Saturday, September 08, 2018

A Girl Like That, by Tanaz Bhathena


Zarin Wadia is the type of girl that adults warn other girls to avoid:  a bad example, always seen hanging out with boys, smoking cigarettes, and disobeying authority.  But living in Jeddah as a foreigner (half-Parsi) with an alien religion (Zoroastrian), Zarin knows that having some additional notoriety could hardly make much of a difference.  And while being a rebel is an unimaginable risk in such a conservative country, Zarin feels drawn to risky behavior anyway.  There is a thrill involved in clandestine trips to the Corniche with boys that helps to satisfy her need to live a real life.  With a boy named Porus (fully Parsi, but also an outsider) who ironically is not her lover, she shares those dreams and hopes.

And then there is Mishal, who while more obedient to her elders, lives a secret life collecting gossip for her blog and living vicariously through that gossip and through watching her rather more libertine brother Abdullah and his friends.  Unlike Zarin, she accepts that a girl cannot live like a boy, but her acceptance does little to improve the eventual outcome.

In case anyone was under the impression that being female (let alone a teenage girl) in Saudi Arabia was easy, this scathing portrayal of the hypocrisy of Saudi society and mores will open some eyes.  For those of us already familiar with the misogyny of the culture, this novel is a somewhat tedious reinforcement of our biases.  Still, Bathena’s portrayal transcends all of that through its detail and through its sympathy for its characters.  While the environment is probably unfathomable to a North American teen, there is a universal humanity that young readers will recognize.  And in this portrayal, an attempt to show how survival is possible, even if the costs will seem extreme.  This is not the Saudi-bashing novel it deserves to be (Bhathena is much more subtle and maybe even kind).    
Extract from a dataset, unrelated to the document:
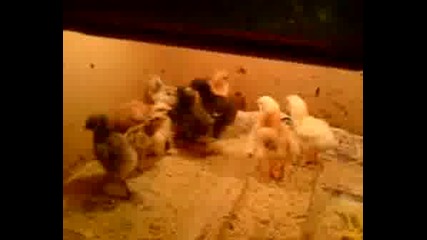 Пилета На 2 Дни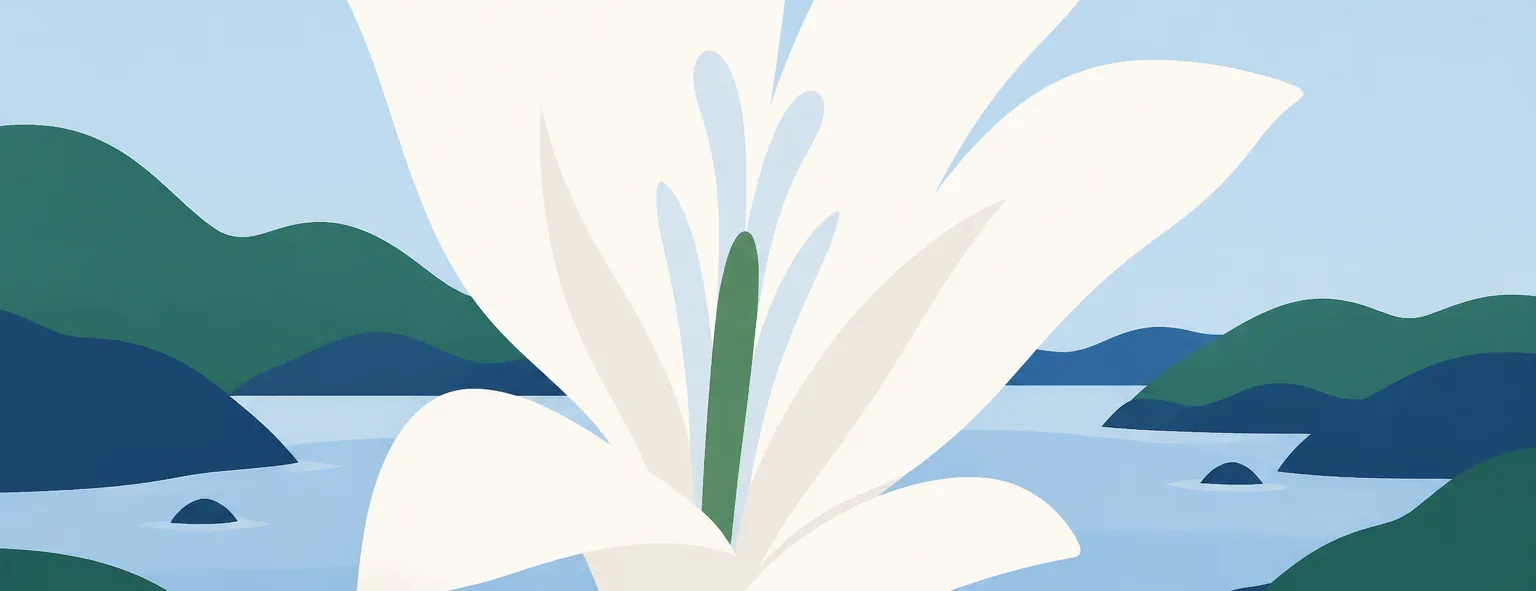 聖和学院高校のイメージイラスト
Zarin herself is probably the most fascinating of the bunch as she doesn’t neatly fall into the carefree rebel mold into which we might like to place her.  She pays a terrible price for her actions and she feels remorse and questions herself frequently through the story.  Yet her bravery comes from a desire to live and break free of expectations – in a way that is instantly recognizable, yet fraught with unfamiliar risks.  More problematic is the story itself which opens with the death of Zarin and Porus in a car crash -- the sort of story twist from which there is no recovery.  Stranger, the death is largely inconsequential to the story and serves more as a distraction in the end.  It is Zarin's life that we really care about.  Fascinating and chilling at the same time.